§ **Provided records**:
····················

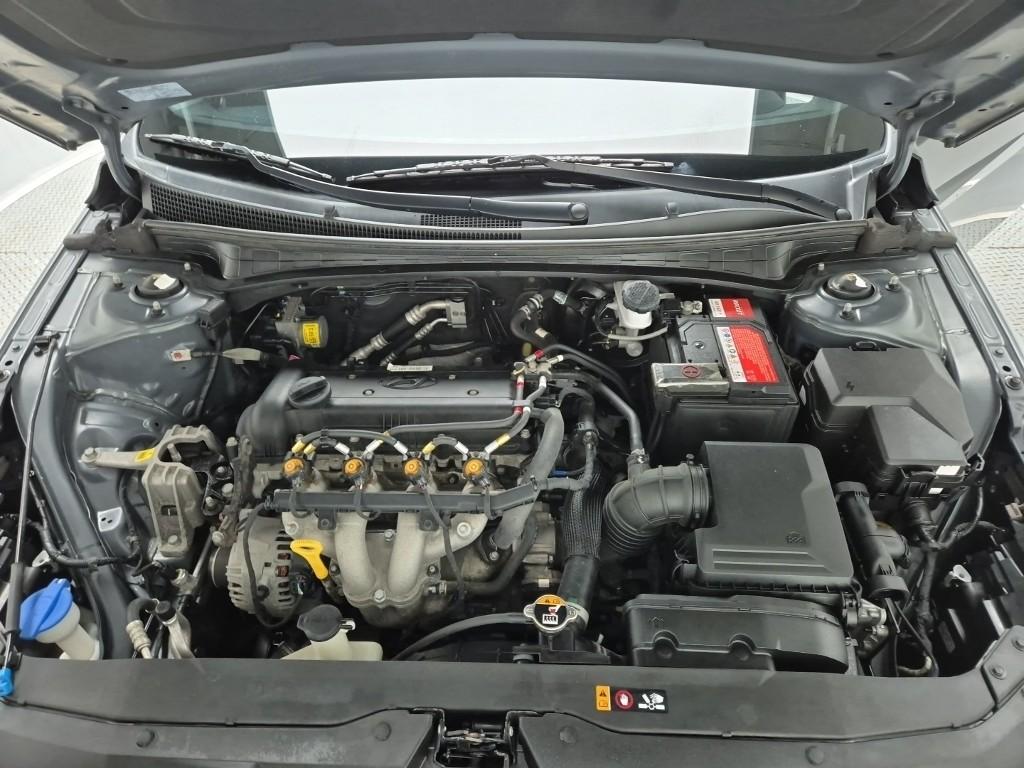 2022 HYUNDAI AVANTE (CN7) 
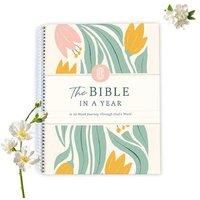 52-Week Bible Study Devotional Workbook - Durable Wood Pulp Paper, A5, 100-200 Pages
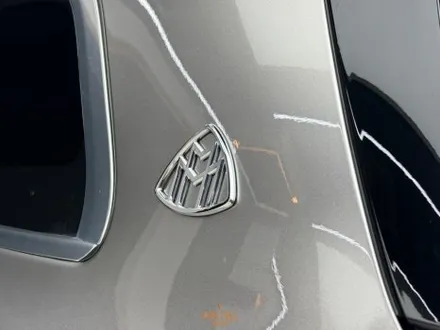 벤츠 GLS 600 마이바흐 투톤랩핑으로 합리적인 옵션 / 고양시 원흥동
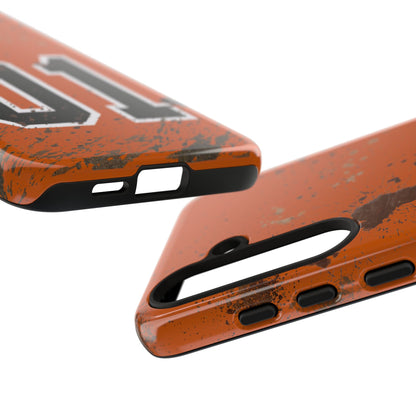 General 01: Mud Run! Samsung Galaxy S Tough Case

····················

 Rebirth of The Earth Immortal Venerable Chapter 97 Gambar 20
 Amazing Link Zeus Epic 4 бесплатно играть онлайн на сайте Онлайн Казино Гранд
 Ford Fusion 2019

····················

§ **What is required**: Using the data above, which lines fall from the one with "벤츠 GLS 600 마이바흐 투톤랩핑으로 합리적인 옵션 / 고양시 원흥동" through the one with "General 01: Mud"? Repeat them exactly, ends included, minus any pictures.

§ **Answer to this problem**:
 벤츠 GLS 600 마이바흐 투톤랩핑으로 합리적인 옵션 / 고양시 원흥동
 General 01: Mud Run! Samsung Galaxy S Tough Case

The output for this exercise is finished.